Thierry Breton hat sein Amt als bisheriger EU-Kommissar für den Binnenmarkt mit sofortiger Wirkung niedergelegt. Der streitbare Abgeordnete, der selbst gegenüber den Branchengrößen keine Konfrontation scheute, sorgte während seiner Amtszeit ebenso immer wieder für Kritik.

Trotz der Ankündigung einer erneuten Nominierung durch Frankreichs Präsident Emmanuel Macron Ende Juni dieses Jahres stellt Thierry Breton überraschend seinen Posten in der Europäischen Kommission zur Verfügung. Äußerungen Bretons legen Vermutungen nahe, dass sein Rücktritt nicht freiwillig erfolgt ist. In einem auf X (ehemals Twitter) veröffentlichten Schreiben, das unter anderem an EU-Kommissionspräsidentin Ursula von der Leyen gerichtet war, beklagte Breton, dass von der Leyen Frankreich gebeten habe, seinen Namen von der Liste der Nominierungen zurückzuziehen. Laut Breton sollen persönliche Gründe eine Rolle gespielt haben, die jedoch nie direkt mit ihm besprochen worden seien. Als politischer Ausgleich wurde ihm angeblich ein „einflussreicheres Portfolio für Frankreich im künftigen Kollegium“ angeboten.

Breton zog daraus die Konsequenz, dass er seine Aufgaben im Kollegium nicht länger wahrnehmen könne, da dies „ein weiteres Zeugnis fragwürdiger Regierungsführung“ sei.

Eigenwilliger und streitbarer Kommissar

In seiner Amtszeit als Binnenmarktkommissar setzte sich Breton immer wieder für eine geringere Regulierung von Großunternehmen im europäischen Raum ein. Gleichzeitig wollte er Chiphersteller, Netzbetreiber sowie Edge- und Cloud-Dienstanbieter zu engerer Zusammenarbeit animieren oder sie notfalls in diese Richtung regulieren. Diese Vorhaben stießen immer wieder auf deutliche Kritik.

Besonders umstritten war sein Engagement für das Vorhaben, Netzgebühren von Internetdiensten zu fordern, um mit diesen die Netz-Infrastruktur auszubauen.
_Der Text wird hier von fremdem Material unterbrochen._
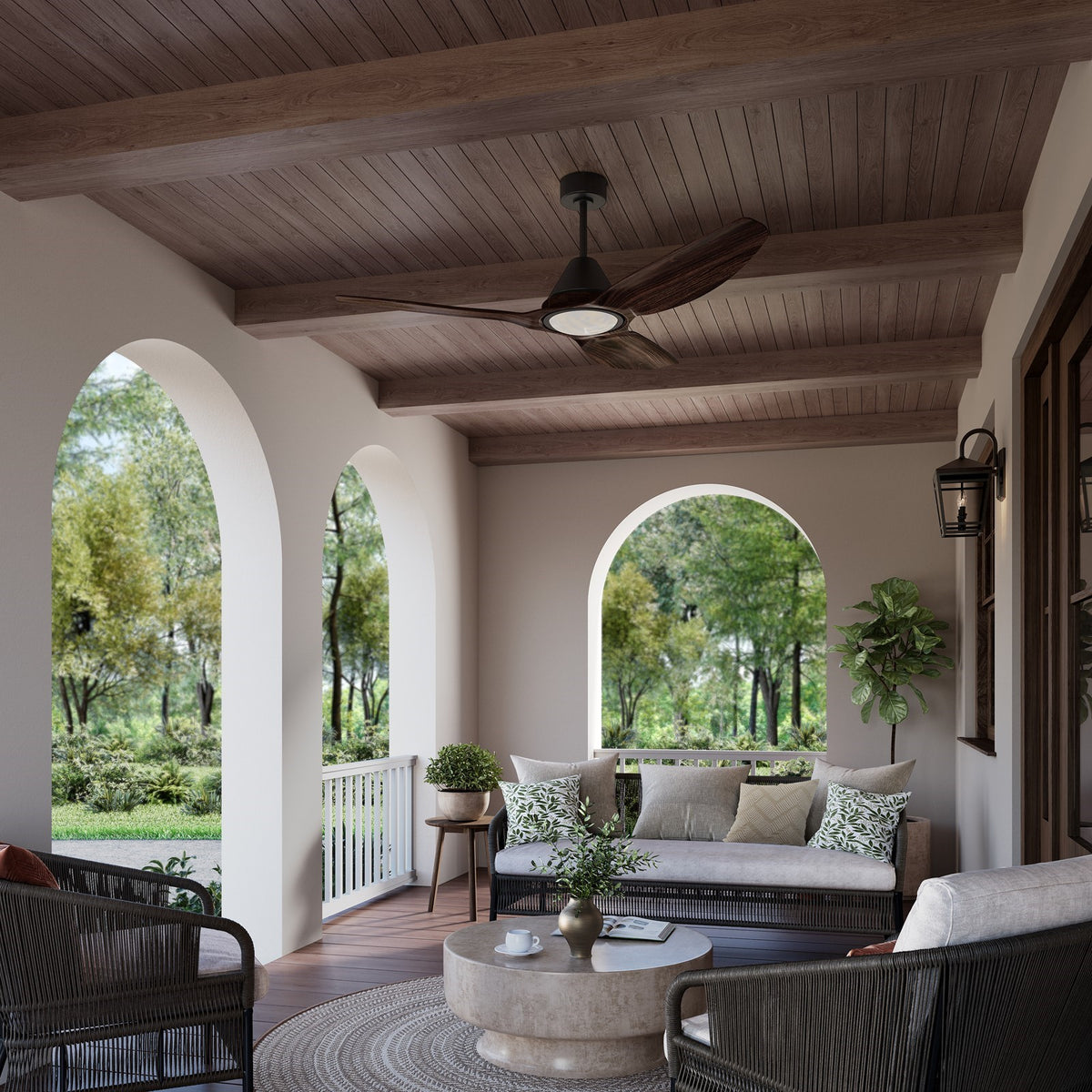 Millennium Lighting Karrston 54in 3-Blade LED Ceiling Fan | Transitional Matte Black and Walnut Acrylic Lens | Living Room | Model 1120LED-MBK-WT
Kritiker sahen darin einen Verstoß gegen die Netzneutralität. Große Internetdienste wie Meta, X und Google lehnten die Pläne ab, Zustimmung kam hingegen aus der Telekommunikationsbranche.

Ein weiteres kontroverses Kapitel seiner Amtszeit war seine Auseinandersetzung mit Elon Musk: Kurz vor einer live auf X übertragenen Diskussion zwischen dem ehemaligen US-Präsidenten Donald Trump und Musk wandte sich Breton in einem Schreiben an diesen sowie an X-Geschäftsführerin Linda Yaccarino. Er forderte in diesem beide auf, sicherzustellen, dass die EU-Vorschriften des Gesetzes über digitale Dienste (DSA) während der Übertragung eingehalten und die Inhalte moderiert würden.

Musk reagierte darauf mit einem provokanten Meme, ohne auf die von Breton vorgebrachten Punkte einzugehen. Einen Tag später erklärte die EU, dass Bretons Schreiben nicht mit Ursula von der Leyen oder dem Kollegium abgestimmt war. Die Kommission warf ihm daraufhin vor, die Durchsetzung des Gesetzes über digitale Dienste (DSA) in Verruf gebracht zu haben. Auch zivilgesellschaftliche Organisationen kritisierten ihn scharf und warfen ihm vor, das Gesetz falsch auszulegen und die freie Meinungsäußerung zu gefährden.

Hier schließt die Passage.